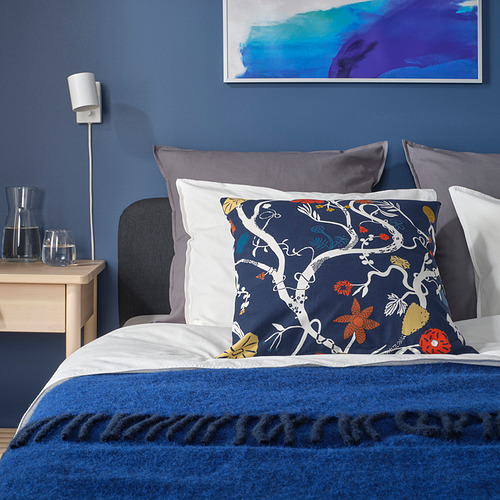 Cojín floral REVFINGERÖRT azul marino sobre elegante cama con almohadas mixtas, manta y mesita de noche de madera.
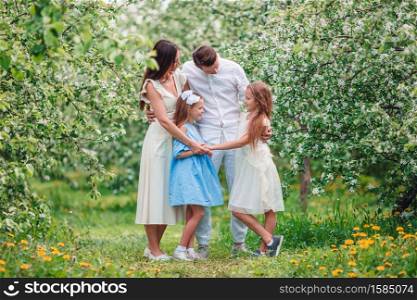 Happy family in blooming garden on beautiful spring day on Easter. Adorable family in blooming cherry garden on beautiful spring day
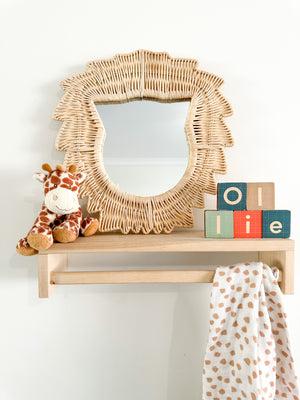 Rattan Lion Mirror displayed on shelf with other toys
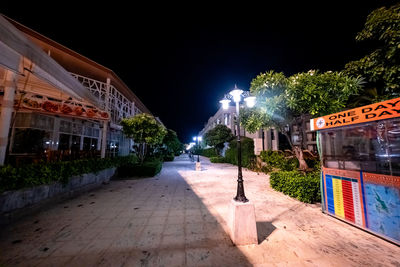 Illuminated street amidst buildings against sky at night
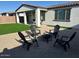Inviting backyard featuring artificial turf, gravel, and outdoor seating around a fire pit, perfect for entertaining at 22876 E Via Del Sol --, Queen Creek, AZ 85142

● YOUR INSTRUCTIONS:
What you write should match, word for word, the lines from the one containing "Illuminated street amidst" to the end of the listing, with both ends kept and the pictures left out.

● REPLY:
 Illuminated street amidst buildings against sky at night
Inviting backyard featuring artificial turf, gravel, and outdoor seating around a fire pit, perfect for entertaining at 22876 E Via Del Sol --, Queen Creek, AZ 85142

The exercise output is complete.